┌─ EXERCISE MATERIALS
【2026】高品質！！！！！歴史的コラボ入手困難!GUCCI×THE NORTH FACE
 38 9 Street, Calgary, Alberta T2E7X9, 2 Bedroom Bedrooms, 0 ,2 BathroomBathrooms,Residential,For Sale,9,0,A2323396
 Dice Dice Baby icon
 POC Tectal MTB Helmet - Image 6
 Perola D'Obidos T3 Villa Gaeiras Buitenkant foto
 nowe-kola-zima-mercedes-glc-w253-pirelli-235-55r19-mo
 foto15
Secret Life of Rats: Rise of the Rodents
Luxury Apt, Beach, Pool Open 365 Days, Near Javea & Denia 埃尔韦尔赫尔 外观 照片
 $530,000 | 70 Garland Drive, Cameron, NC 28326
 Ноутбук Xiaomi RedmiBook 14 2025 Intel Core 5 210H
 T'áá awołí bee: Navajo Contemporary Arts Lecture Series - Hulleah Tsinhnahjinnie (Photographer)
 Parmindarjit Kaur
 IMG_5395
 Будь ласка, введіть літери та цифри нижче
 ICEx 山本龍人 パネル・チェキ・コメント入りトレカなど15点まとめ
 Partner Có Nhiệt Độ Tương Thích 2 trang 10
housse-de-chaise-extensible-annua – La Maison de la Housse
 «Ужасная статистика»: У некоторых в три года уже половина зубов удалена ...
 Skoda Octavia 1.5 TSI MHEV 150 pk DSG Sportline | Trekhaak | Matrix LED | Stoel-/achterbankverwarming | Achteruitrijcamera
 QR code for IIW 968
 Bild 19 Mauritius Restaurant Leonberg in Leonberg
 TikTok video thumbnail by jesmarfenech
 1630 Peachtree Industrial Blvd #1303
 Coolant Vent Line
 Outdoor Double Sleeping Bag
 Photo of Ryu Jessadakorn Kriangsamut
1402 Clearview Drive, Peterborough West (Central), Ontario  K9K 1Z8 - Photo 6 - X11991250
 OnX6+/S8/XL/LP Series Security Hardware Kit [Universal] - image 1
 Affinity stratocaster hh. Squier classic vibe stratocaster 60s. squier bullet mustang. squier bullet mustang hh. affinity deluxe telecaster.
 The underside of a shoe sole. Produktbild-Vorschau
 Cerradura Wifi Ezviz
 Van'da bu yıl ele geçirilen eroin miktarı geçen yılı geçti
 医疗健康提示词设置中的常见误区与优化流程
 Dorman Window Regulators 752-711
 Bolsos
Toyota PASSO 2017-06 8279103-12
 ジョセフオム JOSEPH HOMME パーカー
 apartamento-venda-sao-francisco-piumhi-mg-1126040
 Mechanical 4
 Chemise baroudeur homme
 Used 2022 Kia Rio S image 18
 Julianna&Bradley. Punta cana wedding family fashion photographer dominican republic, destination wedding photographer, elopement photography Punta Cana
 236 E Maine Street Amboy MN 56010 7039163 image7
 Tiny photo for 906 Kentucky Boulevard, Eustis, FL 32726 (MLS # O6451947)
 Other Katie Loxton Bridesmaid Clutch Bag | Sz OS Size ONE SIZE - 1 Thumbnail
└─
WHAT TO PRODUCE
Give again, word for word, the lines of the listing, starting at its first line and ending with the line containing "ジョセフオム JOSEPH HOMME パーカー".

REPLY TO THE EXERCISE
【2026】高品質！！！！！歴史的コラボ入手困難!GUCCI×THE NORTH FACE
 38 9 Street, Calgary, Alberta T2E7X9, 2 Bedroom Bedrooms, 0 ,2 BathroomBathrooms,Residential,For Sale,9,0,A2323396
 Dice Dice Baby icon
 POC Tectal MTB Helmet - Image 6
 Perola D'Obidos T3 Villa Gaeiras Buitenkant foto
 nowe-kola-zima-mercedes-glc-w253-pirelli-235-55r19-mo
 foto15
Secret Life of Rats: Rise of the Rodents
Luxury Apt, Beach, Pool Open 365 Days, Near Javea & Denia 埃尔韦尔赫尔 外观 照片
 $530,000 | 70 Garland Drive, Cameron, NC 28326
 Ноутбук Xiaomi RedmiBook 14 2025 Intel Core 5 210H
 T'áá awołí bee: Navajo Contemporary Arts Lecture Series - Hulleah Tsinhnahjinnie (Photographer)
 Parmindarjit Kaur
 IMG_5395
 Будь ласка, введіть літери та цифри нижче
 ICEx 山本龍人 パネル・チェキ・コメント入りトレカなど15点まとめ
 Partner Có Nhiệt Độ Tương Thích 2 trang 10
housse-de-chaise-extensible-annua – La Maison de la Housse
 «Ужасная статистика»: У некоторых в три года уже половина зубов удалена ...
 Skoda Octavia 1.5 TSI MHEV 150 pk DSG Sportline | Trekhaak | Matrix LED | Stoel-/achterbankverwarming | Achteruitrijcamera
 QR code for IIW 968
 Bild 19 Mauritius Restaurant Leonberg in Leonberg
 TikTok video thumbnail by jesmarfenech
 1630 Peachtree Industrial Blvd #1303
 Coolant Vent Line
 Outdoor Double Sleeping Bag
 Photo of Ryu Jessadakorn Kriangsamut
1402 Clearview Drive, Peterborough West (Central), Ontario  K9K 1Z8 - Photo 6 - X11991250
 OnX6+/S8/XL/LP Series Security Hardware Kit [Universal] - image 1
 Affinity stratocaster hh. Squier classic vibe stratocaster 60s. squier bullet mustang. squier bullet mustang hh. affinity deluxe telecaster.
 The underside of a shoe sole. Produktbild-Vorschau
 Cerradura Wifi Ezviz
 Van'da bu yıl ele geçirilen eroin miktarı geçen yılı geçti
 医疗健康提示词设置中的常见误区与优化流程
 Dorman Window Regulators 752-711
 Bolsos
Toyota PASSO 2017-06 8279103-12
 ジョセフオム JOSEPH HOMME パーカー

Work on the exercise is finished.